Ships and Fleets in Anglo-French warfare, 1337-1360
By Timothy J. Runyan
American Neptune, v.46 (1986)
Introduction: The most consuming military and naval conflict of later medieval Europe was the Hundred Years’ War. Beginning in 1337 and continuing until 1453 this struggle involved most of the states of western Europe although the principals were England and France. Edward III claimed the French throne by right of inheritance intending to remove the newly established Valois dynasty as usurpers. Dynastic claims or consequent ties of vassalage, however, were not the precipitating factors in the outbreak of war. Researchers over the past few decades have emphasized much more strongly the role of England’s possessions in France, especially Gascony, to explain the origins of the war. This approach recognizes the economic and strategic importance of English possessions and control in France as compelling factors in Edward III’s decision to initiate the conflict. French encroachments and claims on Gascony and other English possessions struck at the heart of Edward’s state – a kingdom which was transmarine.

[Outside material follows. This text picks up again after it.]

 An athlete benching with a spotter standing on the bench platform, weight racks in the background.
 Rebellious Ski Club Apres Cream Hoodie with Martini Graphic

Naval conflict in the English Channel and elsewhere between the French and their allies and the English was not a sudden result of the actions of 1337. Undeclared warfare at sea is the best description of the state of naval and mercantile relations between these parties extending back at least to the reign of Edward I at the turn of the century. Merchants frequently pirated or were pirated with the excuse that the other parties were the enemies of France or England. Truces seem to have been conveniently forgotten and suits to the crown were often the recourse.3 These appeals remain our record of these piratical raids. They were, in effect, crimes of convenience with convenient excuses generated to justify plundering.
The solution achieved at some point in the late thirteenth or fourteenth century to help abate this problem was the introduction of convoys. These were especially successful in the English wine trade routes to Gascony. Larger fleets of merchants often escorted by royal ships filled with men-at-arms could deter individual raiders or even small pirate fleets. But not all merchants could afford or were prepared to wait for the cumbersome process of gathering a fleet at a designated port, awaiting royal escorts to join them and then sailing a prescribed course to Bordeaux or elsewhere. Many ship-owners preferred to push on with their trade and risk encounters with French merchants cum pirates. The same held true for the French, although they were not as active in the trade of wine or wool which was so important to the English economy.